In Francia erano riconosciuti principi-vescovi i sei titolari di Parìe ecclesiastiche: l'arcivescovo di Reims, i vescovi di Laon, Langres, Beauvais, Chalon e Noyon. Inoltre, mantennero il titolo di principi dell'impero i tre vescovi di Metz, Toul e Verdun i cui stati furono annessi dalla Francia nel 1552.

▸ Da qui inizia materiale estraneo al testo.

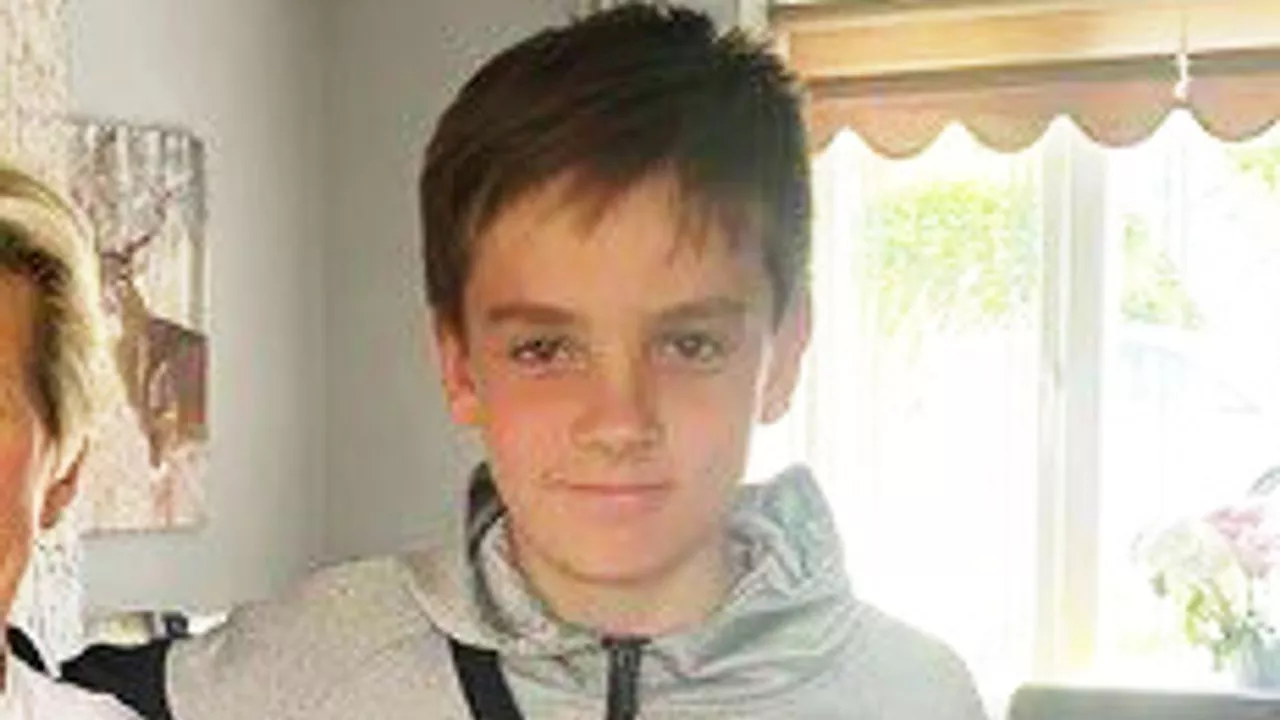 Parents' tribute to 'happy, funny boy' who died in Essex school run crash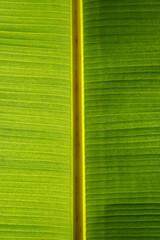 green bamboo background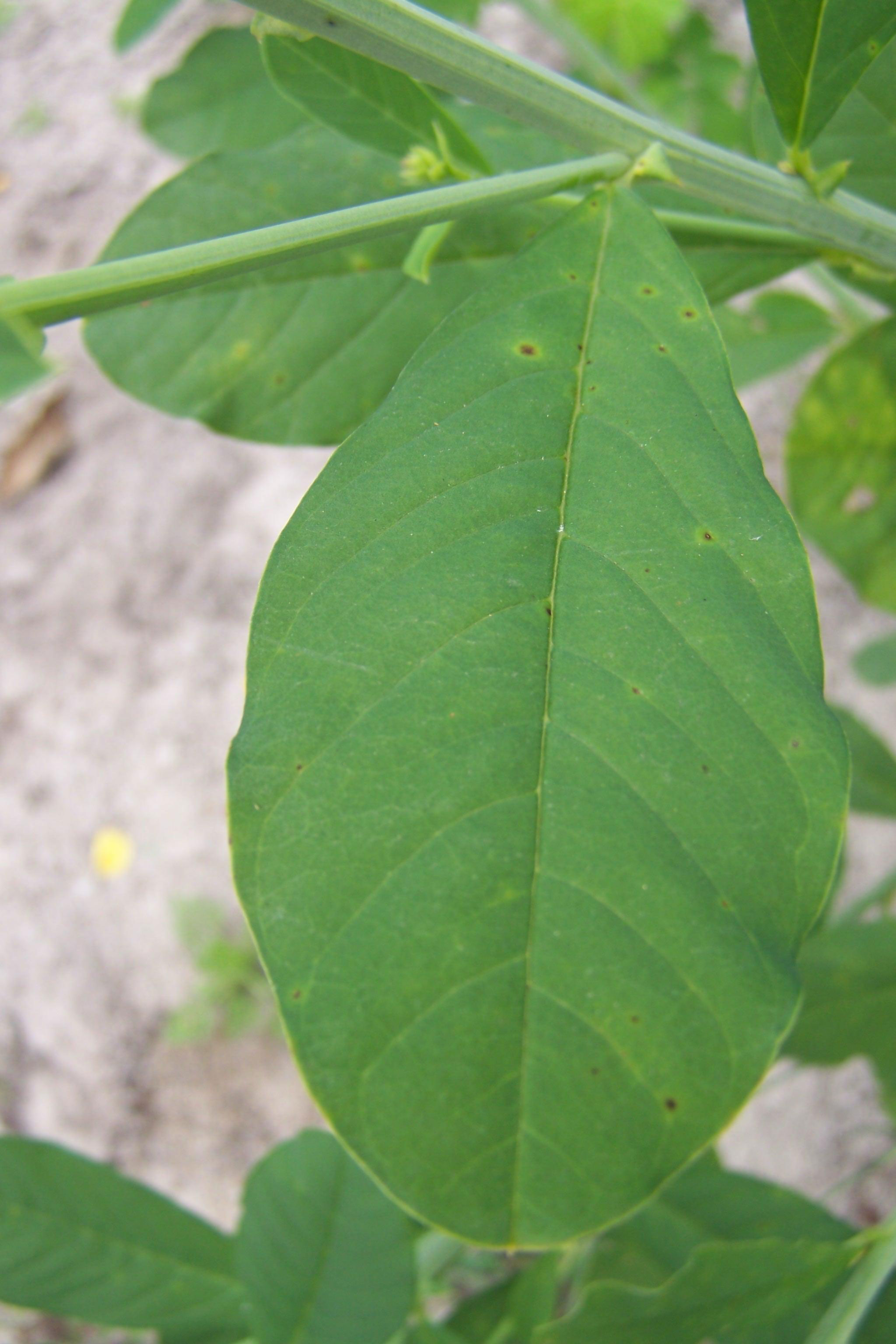 Leaves-of-Showy-rattlebox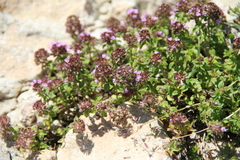 Thymus caucasicus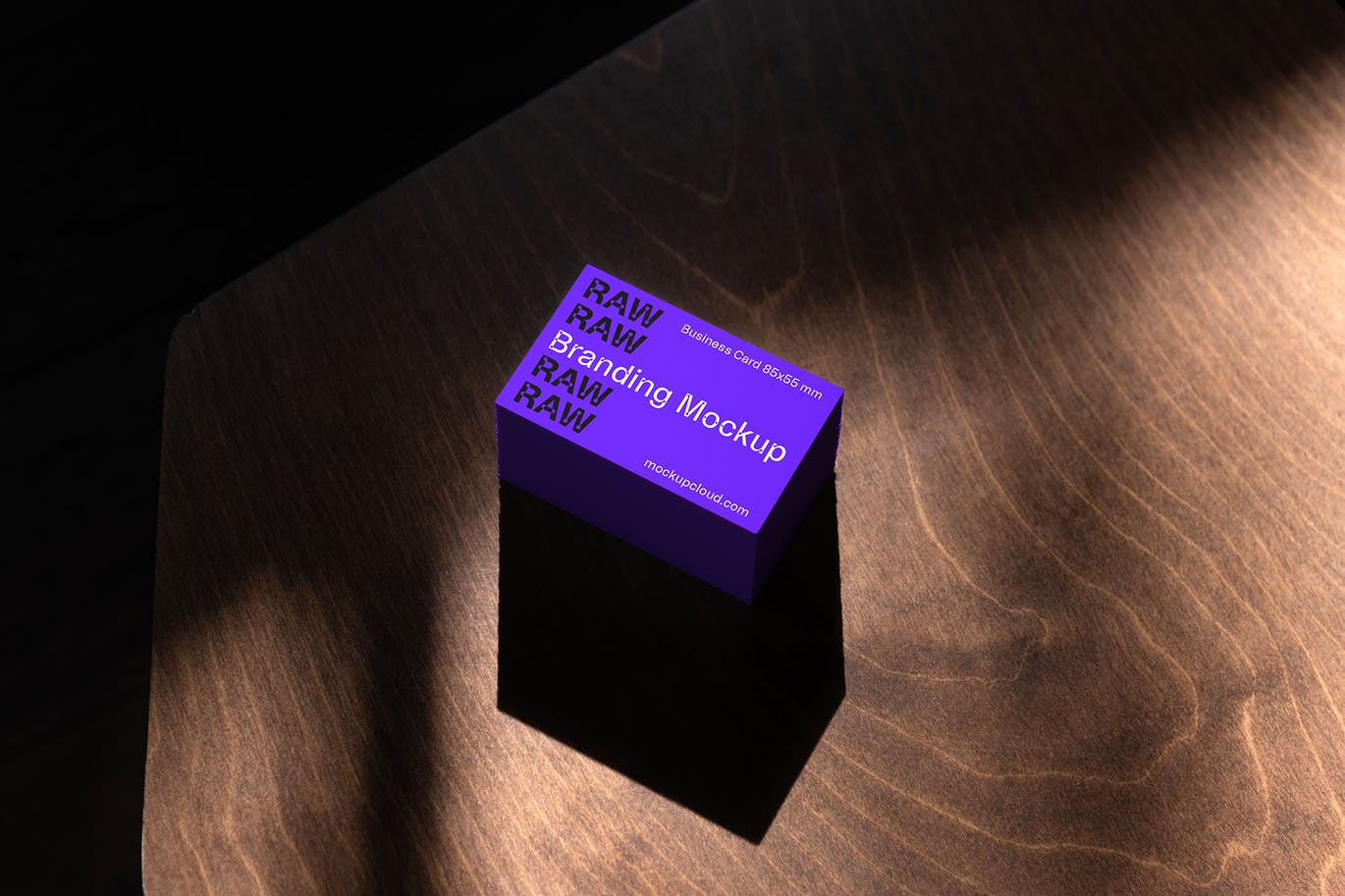 原始品牌模型VI设计展示PSD样机素材（ 第一卷）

In Italia principi-vescovi furono:
- l'arcivescovo di Ravenna dal X secolo e signore della Guna fino al -1783;
- il patriarca di Aquileia fino al 1751, in seguito l'arcivescovo di Gorizia;
- il vescovo di Novara come principe di Orta e San Giulio fino al 1786;
- il vescovo di Vercelli,
- il vescovo di Sarzana dal 1355,
- il vescovo di Feltre,
- il vescovo di Treviso.
- il vescovo di Teramo.
Situazione attuale
Tutti i titoli sono caduti in disuso dopo il decreto Attentis dispositionibus della Sacra Congregazione Concistoriale del 12 maggio 1951, con cui la Santa Sede chiede a tutti i vescovi di non menzionare titoli civili nelle loro lettere, sigilli e stemmi e di evitare di apporvi corone o altri riferimenti.[3]
Il più importante principe-vescovo è il vescovo di Roma, il Papa, capo universale della Chiesa cattolica. In seguito ai Patti lateranensi il papa è un sovrano assoluto, capo di Stato della Città del Vaticano.
Il vescovo di Urgell in Spagna è un altro caso di principe-vescovo sovrano essendo coprincipe di Andorra insieme al presidente della Repubblica francese.